What is the average force (average with respect to height of the barbell from the ground) exerted by the weightlifter in the process?
For number one, I am aware that the formula for this problem is Work = Force x Distance. However, I don't know how this is supposed to be set up. I have previously tried to add the two forces ($1300$ N and $600$ N) together and multiplied it by the distance ($2$ m), but it was wrong. I'm not sure what else could be done here.
As for number two, I am not sure where to go from there, either. All I know is that I have to set up an integral from 0 to 2 with respect to dy and multiply that value by a scale factor of 1/2.
Update: The chain that has not been lifted initially is assumed to still be on the ground.

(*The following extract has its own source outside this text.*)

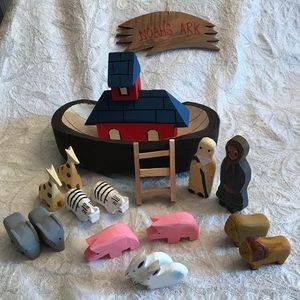 Noah’s Ark Set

So the higher the barbell is lifted, the more chain that is being lifted from the ground.
Let's assume the weight$-$lifter is located at a point $2$ meters above the ground, is pulling the barbell up to his position, and can allow the part of the chain he has already lifted to go slack.
With this interpretation, we see that, initially, there is $1$ meter of chain hanging with the $1300N$ barbell attached at the other end; the weight$-$lifter need only lift $1$ meter of the chain up to his position along with the $1300N$ barbell.
Consider when the weight$-$lifter has lifted $y$ meters of the chain up to his position, where $0\leq y\leq 1$.
This means there is $1-y$ meters of chain left hanging which weighs $300(1-y)N$ along with the $1300N$ barbell.
The amount of work required to lift the chain an additional $dy$ meters is around $$dW=[300(1-y)+1300]dy$$
Therefore $$W=\int_{y=0}^{y=1}[300(1-y)+1300]dy=1450$$
is the total amount of work required.